> **EXERCISE GOAL**:
Begin with the line containing "Basket: I Blacks", end with the last line of the records, and retype everything in between exactly, without the pictures.

> **ENTRIES SUPPLIED**:
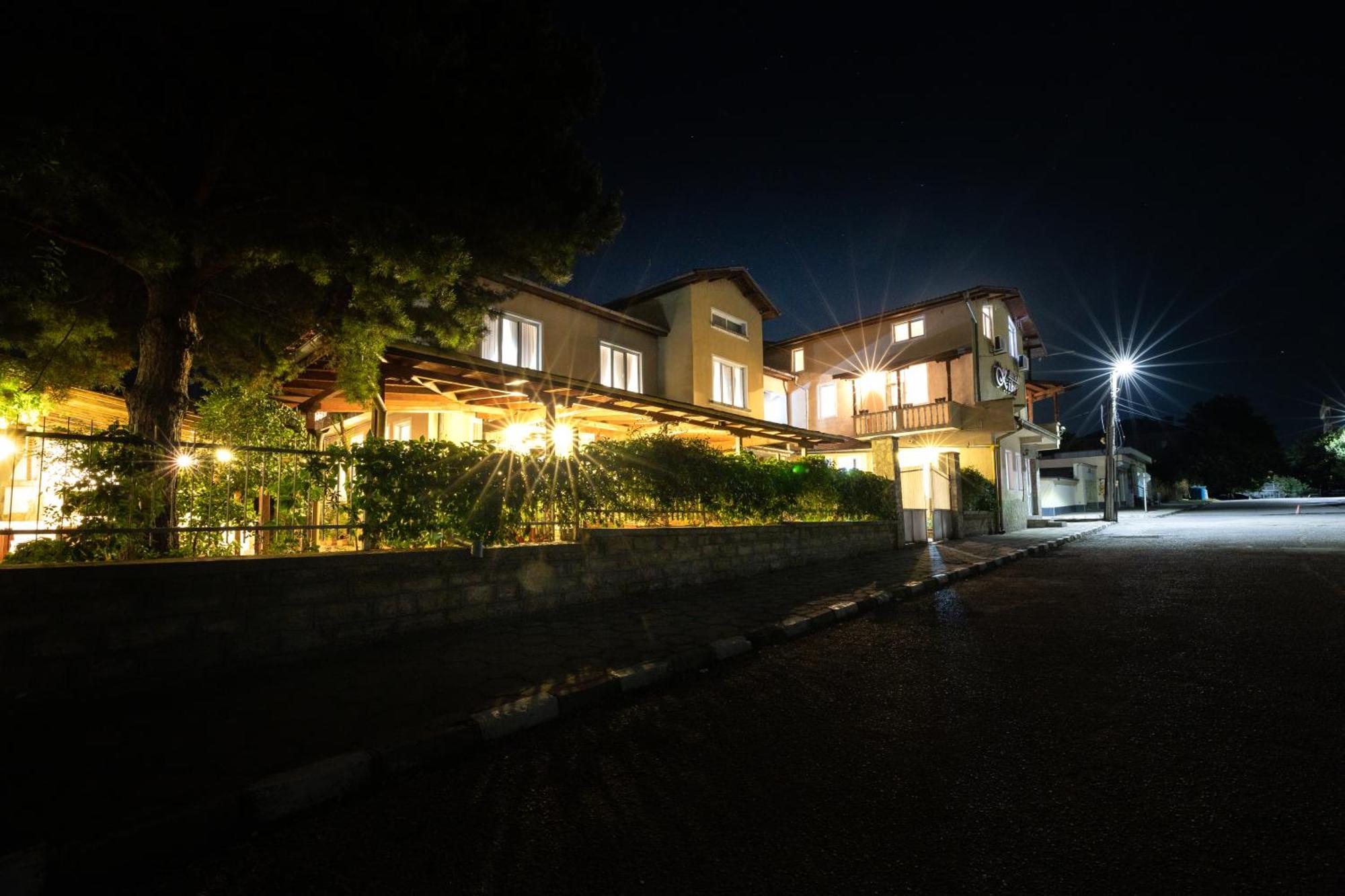 Hotel Kibor Gulubovo  Extérieur photo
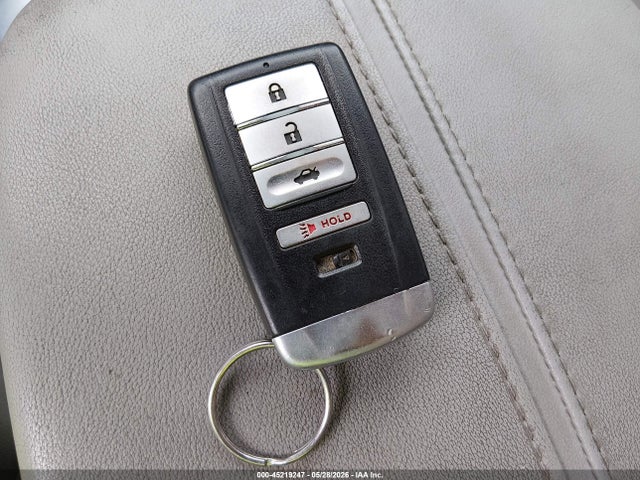 45219247 :رقم المزاد ، 19UUB2F30FA004658 vin ، 2015 Acura Tlx V6 مزاد بيع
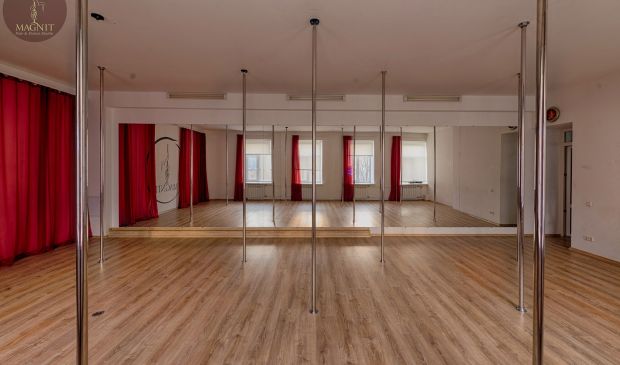 Фотография Школа танцев «МАГНИТ» Большой танцевальный зал со съемными пилонами 56 кв.м.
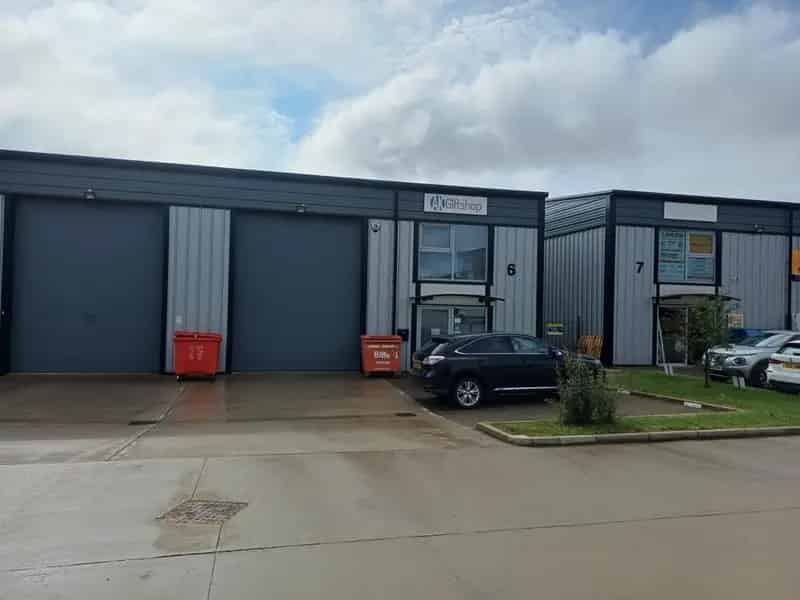 Steel Portal Frame Unit with Office Space and Parking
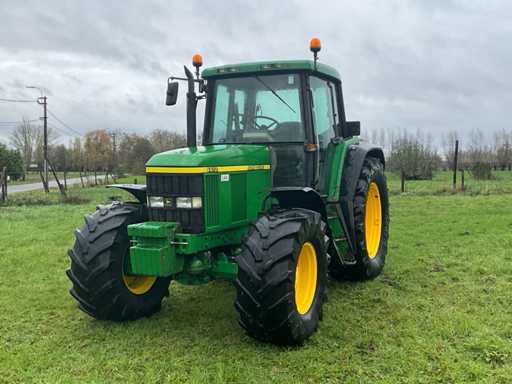 2001: John Deere 6610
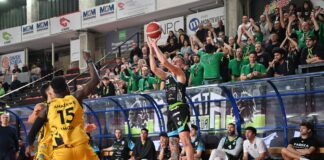 Basket: I Blacks vincono a Imola dopo due supplementari
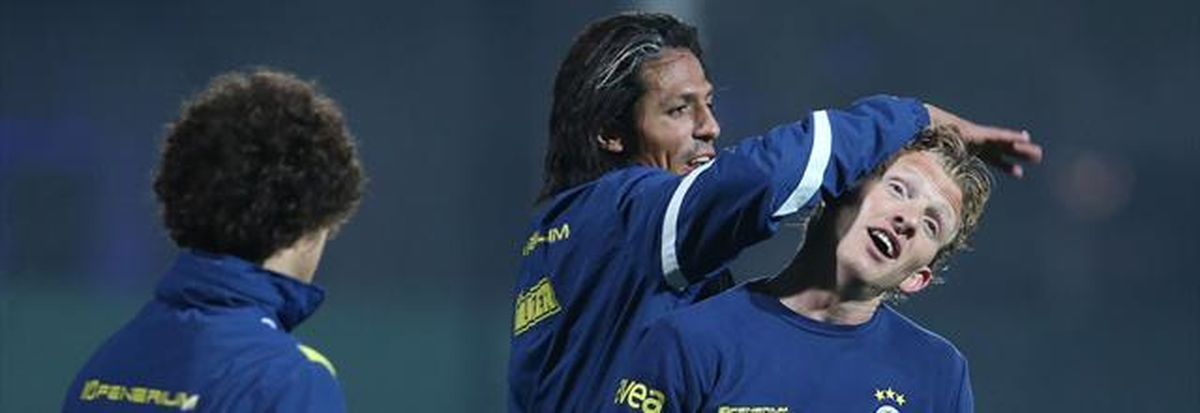 Fenerbahçe\'de Salih Uçan İdmanı Yarıda Bıraktı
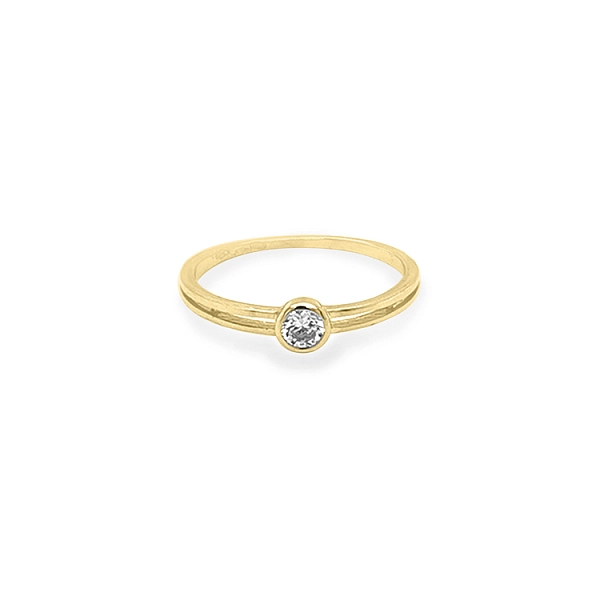 Nhẫn đính hôn bằng vàng với đá zircon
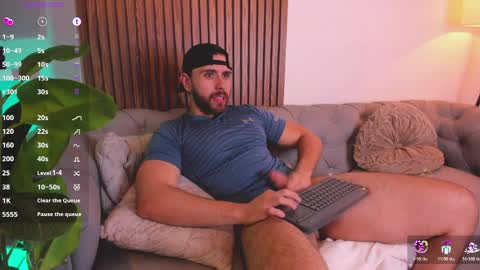 Maximo Wolf online show from April 4, 10:18 pm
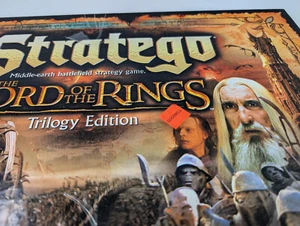 Lord of the Rings Middle Earth Stratego Trilogy Edition Complete 2004 - Picture 1 of 7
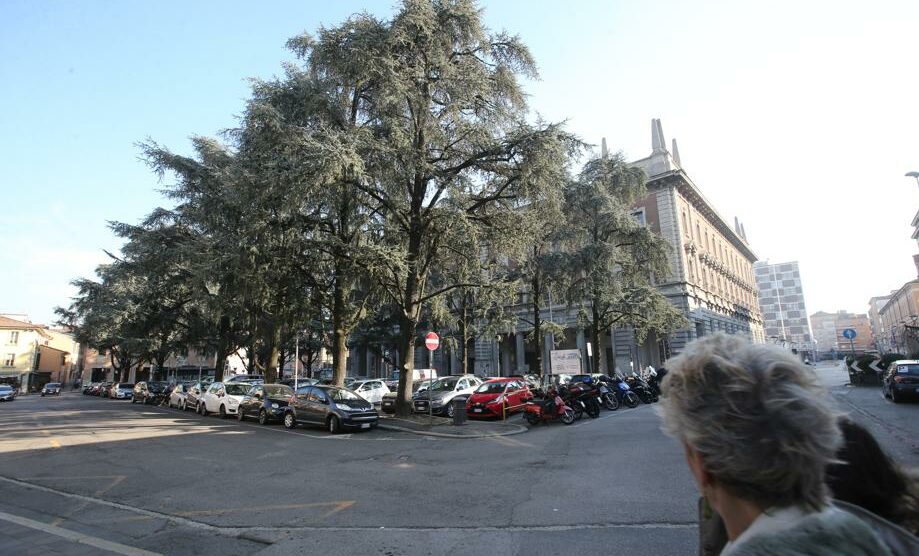 Monza piazza Carducci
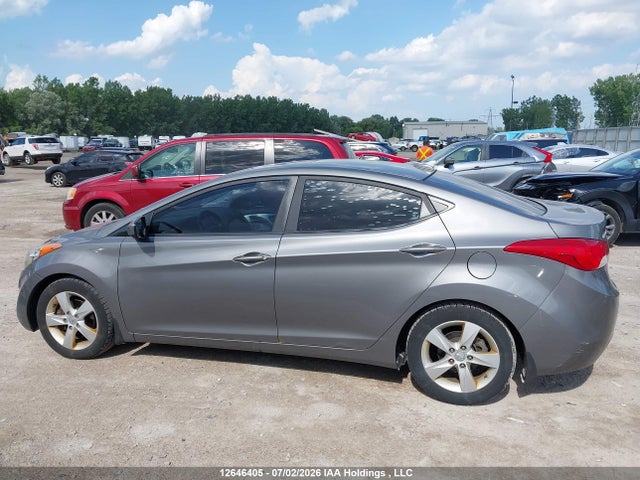 Продажа на аукционе авто 2013 Hyundai Elantra Gls/limited, vin: 5NPDH4AE1DH268589, номер лота: 12646405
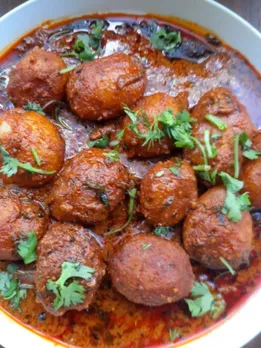 dum aloo recipe, dum aloo recipe gujarati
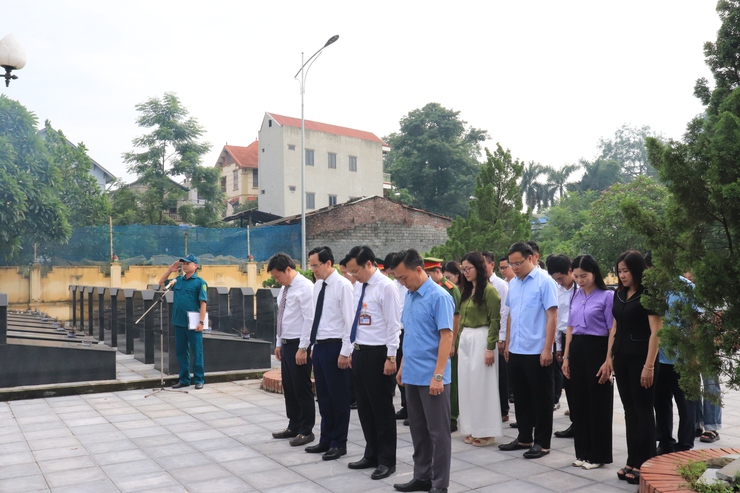 Xã Phú Nghĩa tổ chức Lễ dâng hương tưởng niệm các anh hùng liệt sĩ nhân dịp kỷ niệm 78 năm ngày Thương binh – Liệt sĩ (27/7/1947 – 27/7/2025)- Ảnh 6.
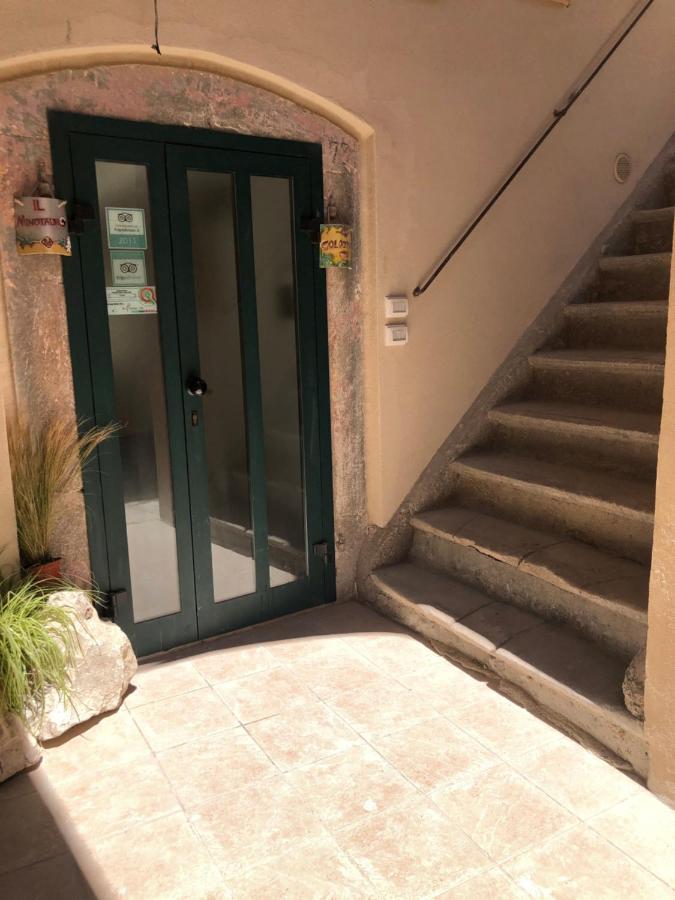 Il Minotauro B&B A 5 Minuti Da Popoli Vittorito Eksteriør bilde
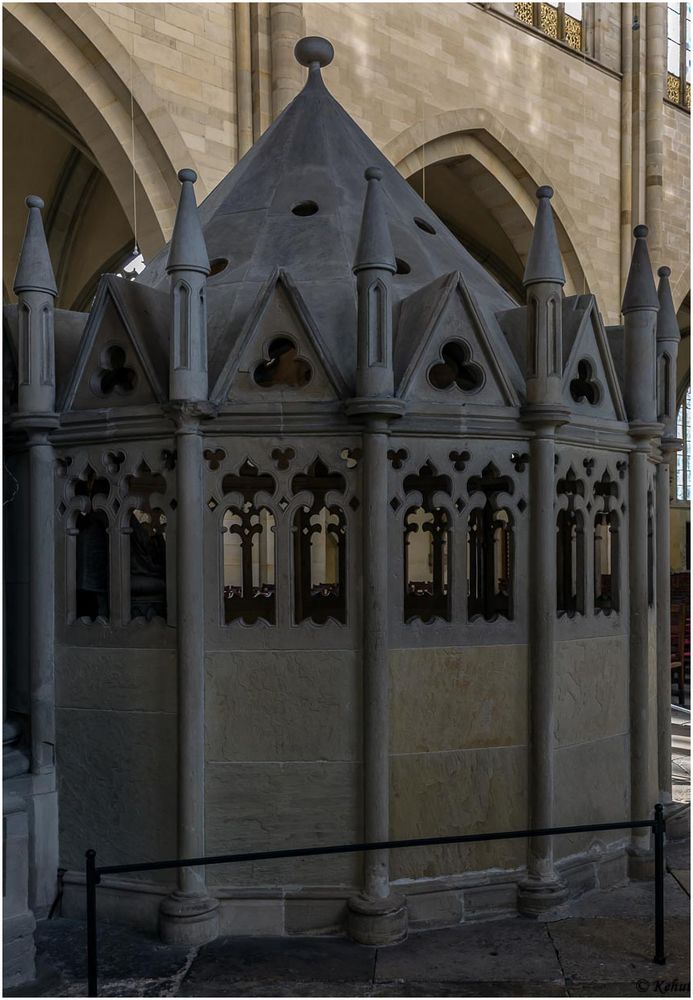 Im Blick - Details Sakralbauwerke (18) Heilig-Grab-Kapelle Dom St. Mauritius und St. Katharina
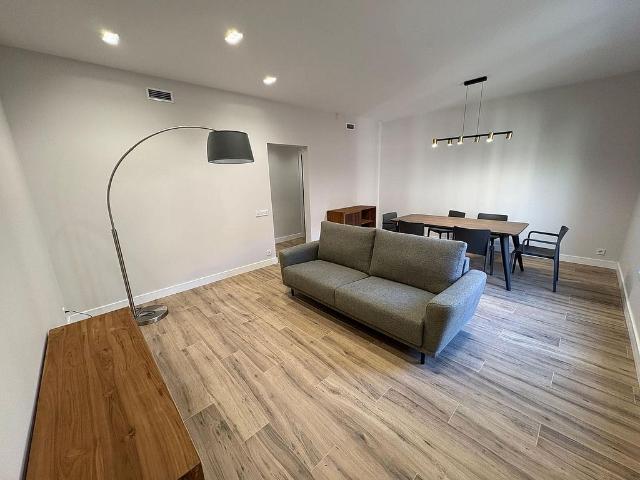 Piso en venta en calle D'aragó, Barcelona, de 117 m² 2 habitaciones por 769.000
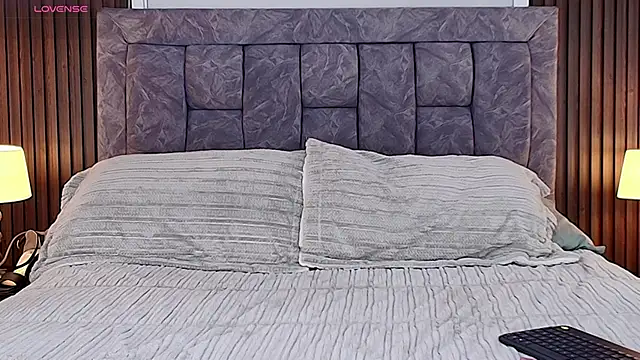 MeganCrow online show from 04.06.26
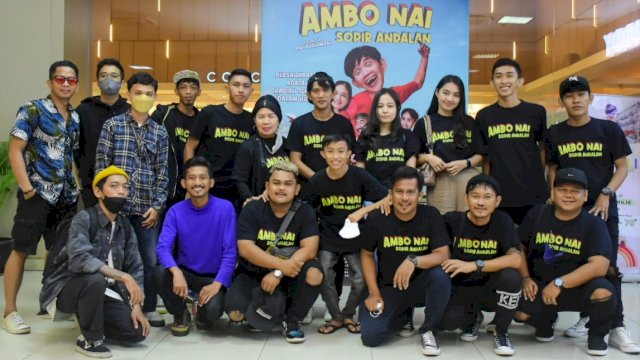 Para pemain dan bintang film 'Ambo Nai-Sopir Andalan' berfoto bersama usai Gala Premiere film tersebut di XXI Mall Panakkukang, Makassar, Senin (21/2/2022). (Foto: Istimewa)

> **WRITTEN ANSWER**:
 Basket: I Blacks vincono a Imola dopo due supplementari
 Fenerbahçe\'de Salih Uçan İdmanı Yarıda Bıraktı
 Nhẫn đính hôn bằng vàng với đá zircon
 Maximo Wolf online show from April 4, 10:18 pm
 Lord of the Rings Middle Earth Stratego Trilogy Edition Complete 2004 - Picture 1 of 7
 Monza piazza Carducci
 Продажа на аукционе авто 2013 Hyundai Elantra Gls/limited, vin: 5NPDH4AE1DH268589, номер лота: 12646405
 dum aloo recipe, dum aloo recipe gujarati
 Xã Phú Nghĩa tổ chức Lễ dâng hương tưởng niệm các anh hùng liệt sĩ nhân dịp kỷ niệm 78 năm ngày Thương binh – Liệt sĩ (27/7/1947 – 27/7/2025)- Ảnh 6.
 Il Minotauro B&B A 5 Minuti Da Popoli Vittorito Eksteriør bilde
 Im Blick - Details Sakralbauwerke (18) Heilig-Grab-Kapelle Dom St. Mauritius und St. Katharina
 Piso en venta en calle D'aragó, Barcelona, de 117 m² 2 habitaciones por 769.000
 MeganCrow online show from 04.06.26
 Para pemain dan bintang film 'Ambo Nai-Sopir Andalan' berfoto bersama usai Gala Premiere film tersebut di XXI Mall Panakkukang, Makassar, Senin (21/2/2022). (Foto: Istimewa)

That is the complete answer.